The monster in the new Ruby demo is what you might expect from a big-budget action flick and its surroundings are almost indistinguishable from an actually-filmed city street. Yet none of this is real and what's more, it was all rendered in real-time by a single PC equipped with two ATI RV770 graphics cards powered by an AMD Phenom X4 9850 processor and AMD 790FX chipset.

A detailed view of the robot that serves as Ruby's nemesis in the new AMD Cinema 2.0 demo. AMD describes the "Cinema 2.0 experience" as something that "punches a sizeable hole in the sensory barrier that separates today's visionary content creators and the interactive experiences they desire to create for audiences around the world."

Another Cinema 2.0 demo from AMD, "Bug Snuff" showcases a scorpion in a terrarium. In this frame capture of the real-time and interactively-rendered scene, note particularly how the light playing through the scorpion's translucent body takes the realism to a whole new level.
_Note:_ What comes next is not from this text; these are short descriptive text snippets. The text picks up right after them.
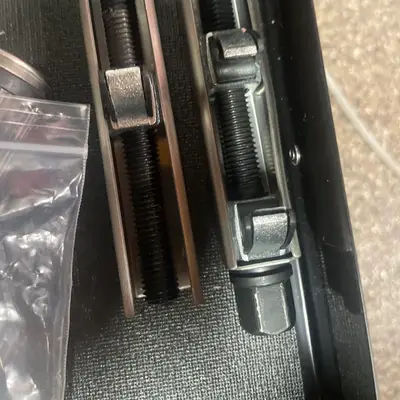 Gear puller set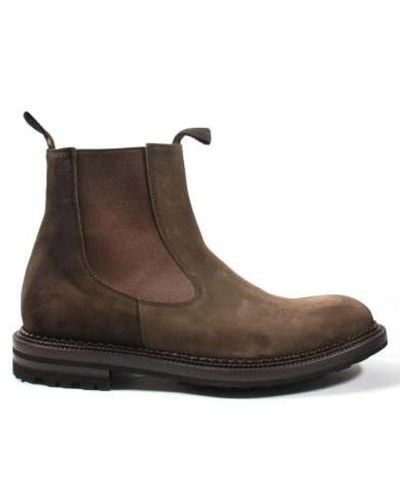 Green George Chelsea Boots - Brown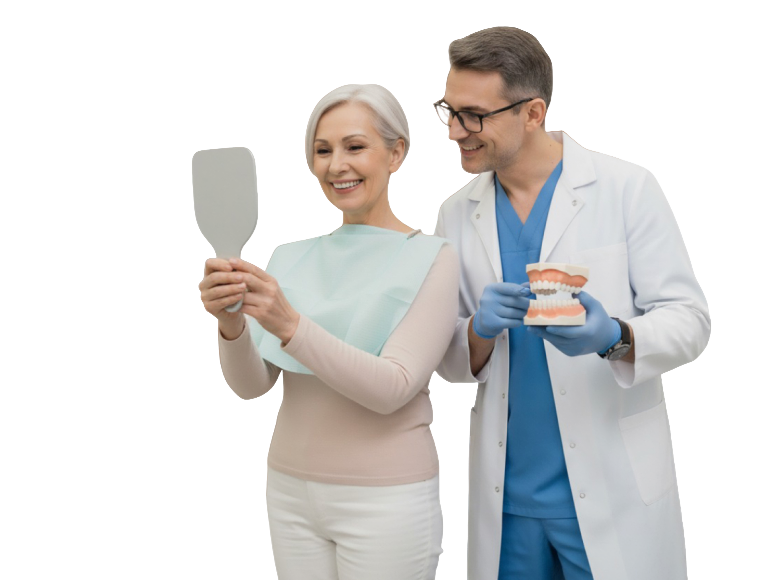 Протезирование зубов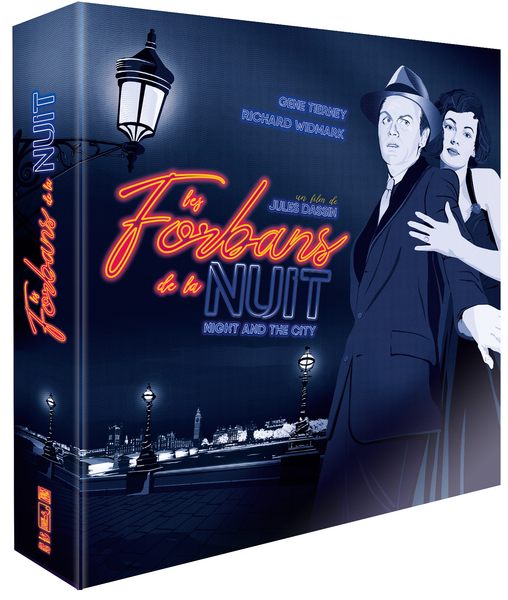 Blu ray Les Forbans de la nuit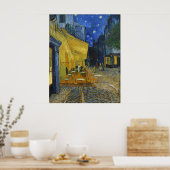 Poster Café Terrasse par Vincent Van Gogh (Cuisine)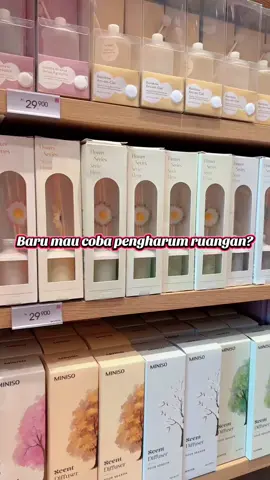 Harga 30RB an!! #miniso #minisoindonesia #fypage #fypage #diffuser #30r 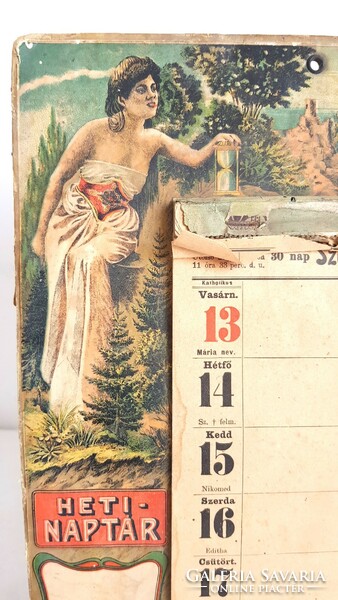 1908 Desk calendar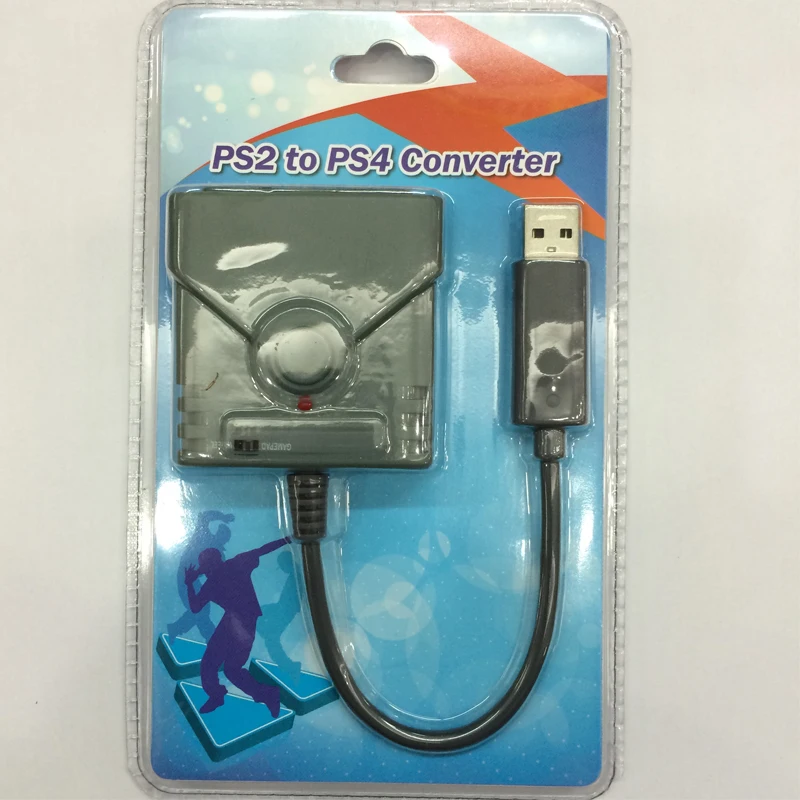 Break Super Converter Adapter For PS2 TO PS4 Controller PC Converter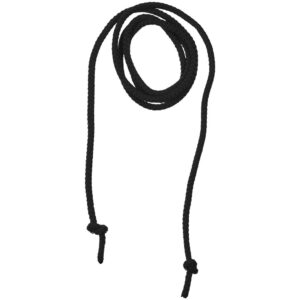 Круглый шнур Lasso L, черный, 130 см — изображение 3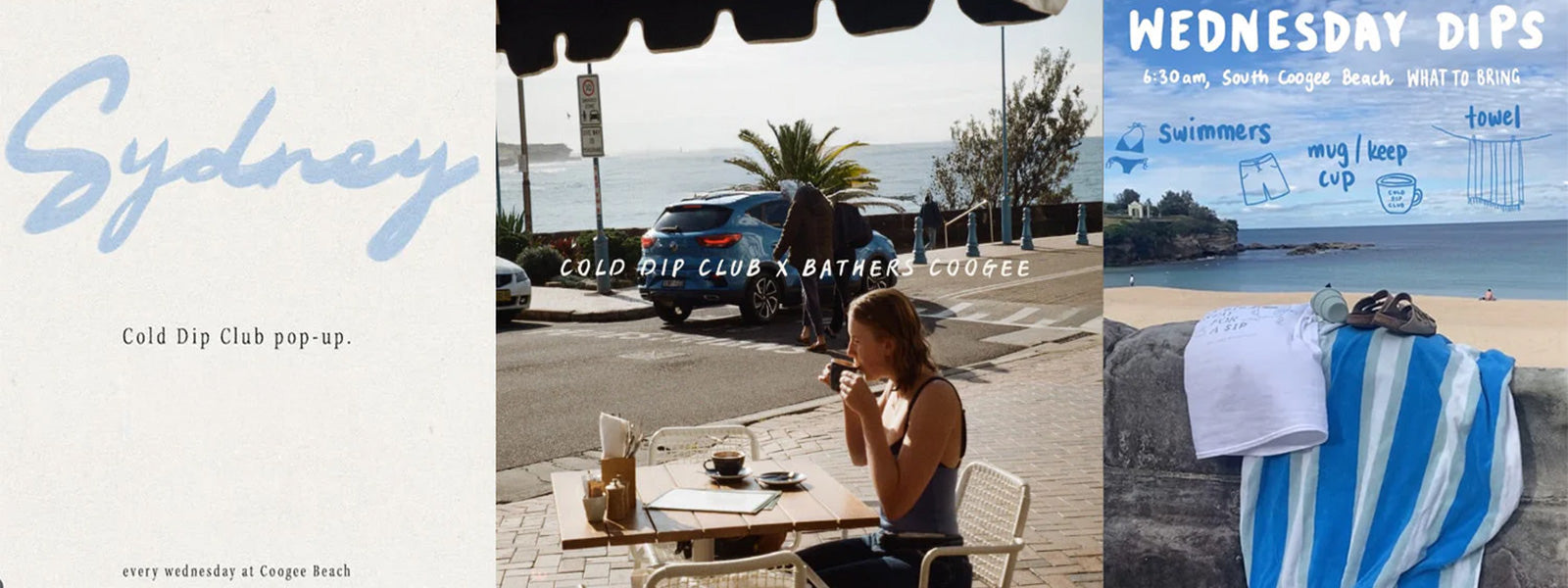 Cold Dip Club Coogee Beach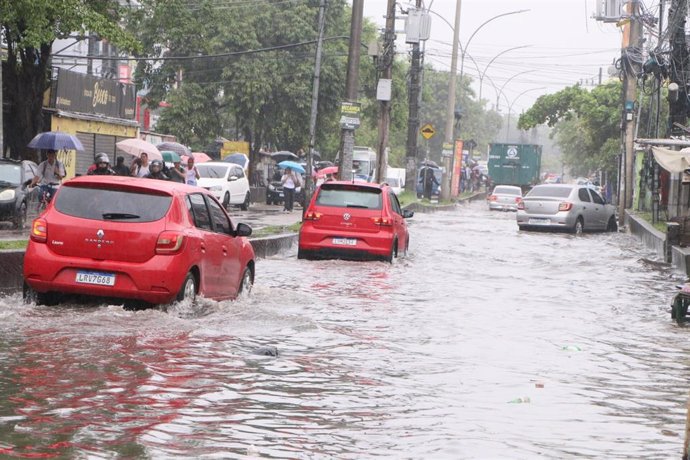 Inundaciones en Brasil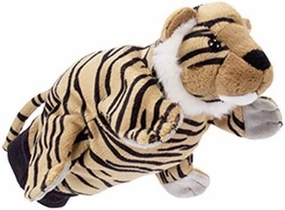 Beleduc Children's Tiger Interactive Hand Puppet Toy for Ages 3 and Up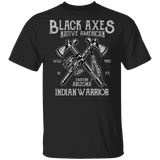 Black Axes T-Shirt - Powwow Store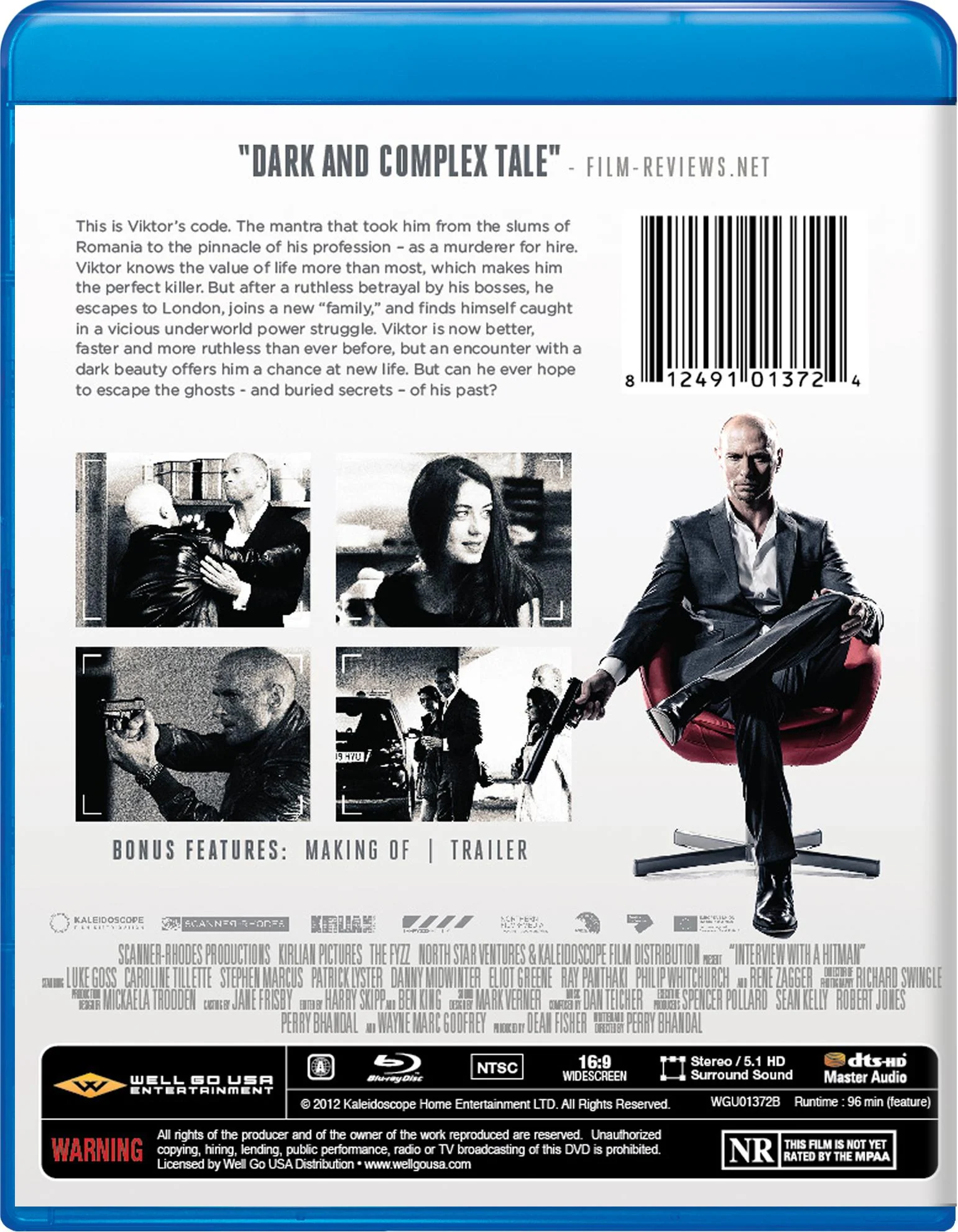 Interview with a Hitman [Blu-Ray] - Image 3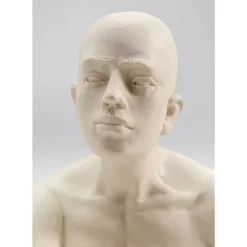 Buchstutze Meditating Man (2/Set)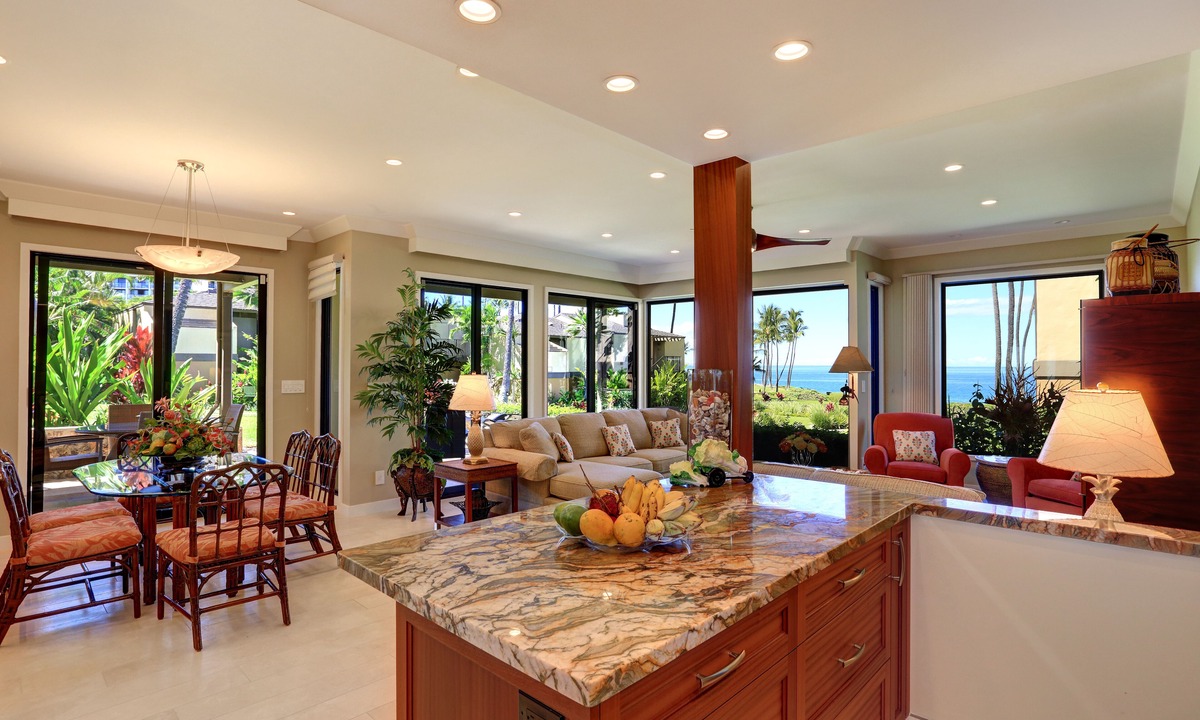 Wailea Condo | Prime Ground-Floor Hideaway with Expansive Oceanfront Views – Wailea Elua #1403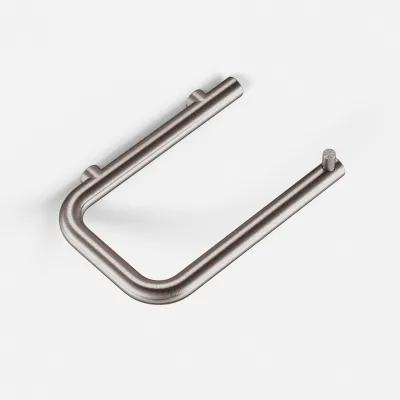 Semplice PS12U - Papierhalter, PVD-gebürsteter Stahl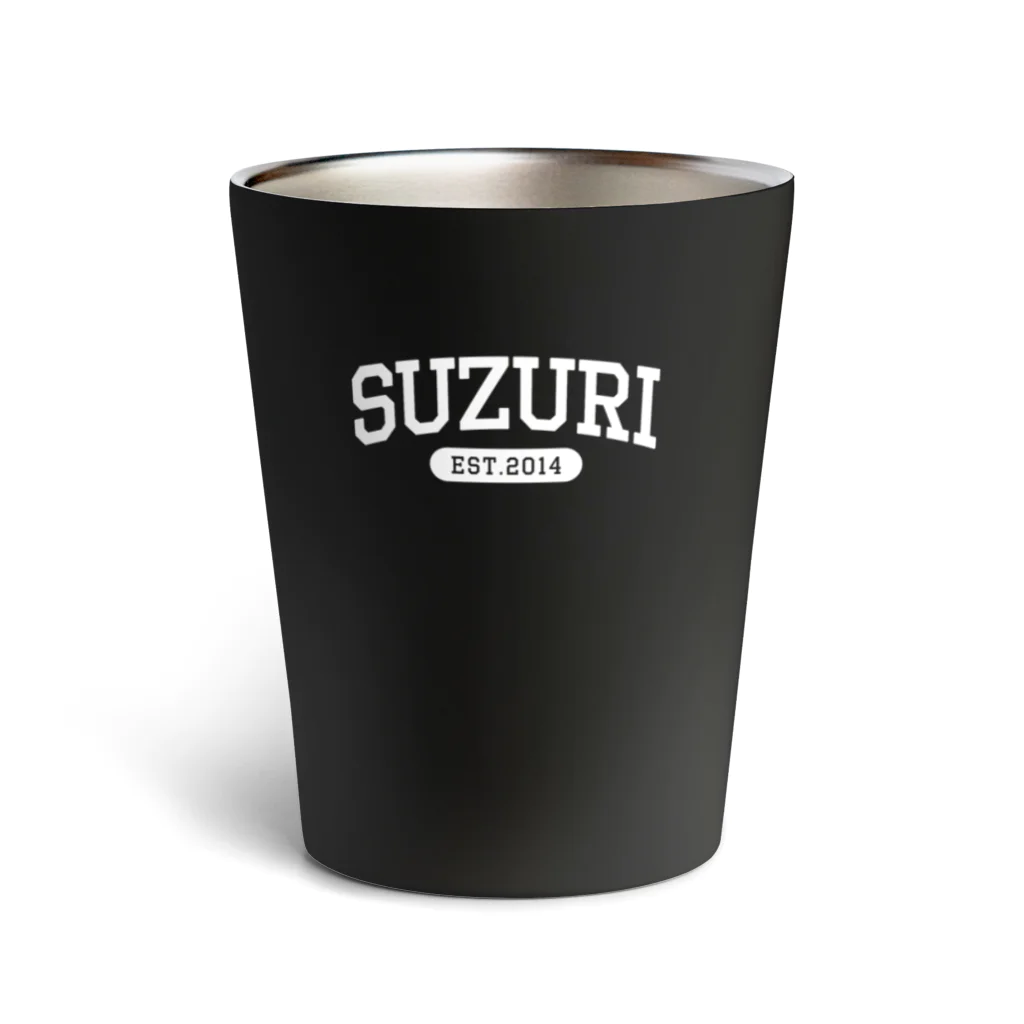 忍者スリスリくんのSUZURI University (White) サーモタンブラー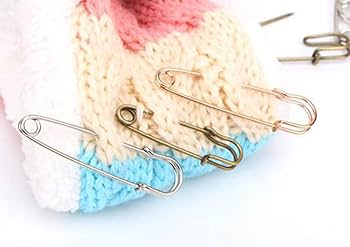 Amazon | HJ カブトピン 金古美 キルトピン ブローチピン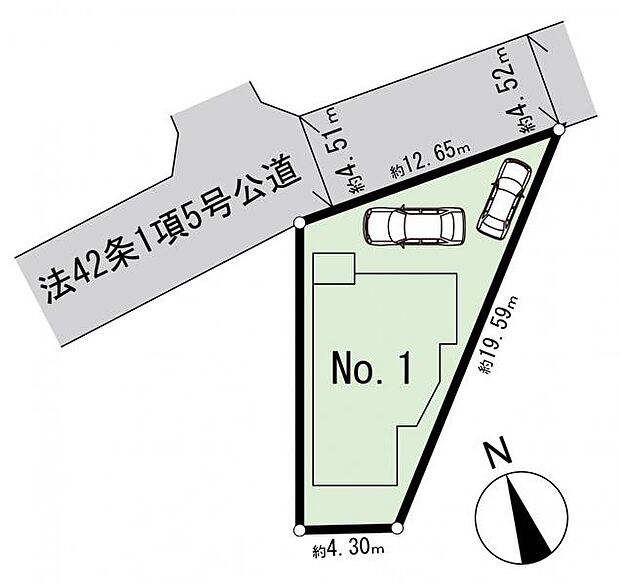 1号棟区画図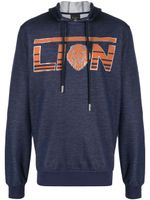 Billionaire hoodie Cars Racing - Bleu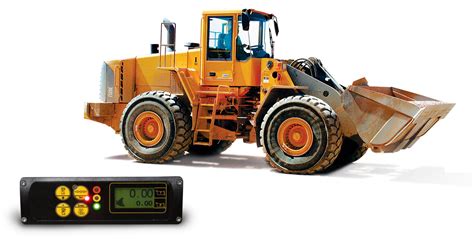 wheel loader scale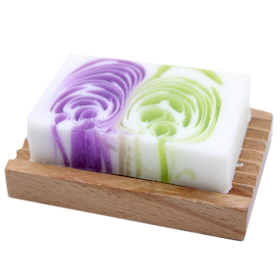 2 x Handcrafted Soap 100g Slice - Dewberry - Click Image to Close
"We did six or seven or eight ads for 'Transformers,' all directed in real-time," said Arbach, describing what his company's been up to over the past year or so. "Paramount asked us to actually render ILM's models in real-time. And when given those assets, we were able to take Starscream, these giant assets and render them in real time.

"We're doing it with this incredible fidelity. We did the same thing with the Spider-Man 3 assets," Arbach said. "We're not quite there yet. Where all this is leading is, how do you get people to look real? It's the next frontier and I think the hardware we have today is going to take us there. The convergence of this hardware and a little more work on the software side is going to make it happen."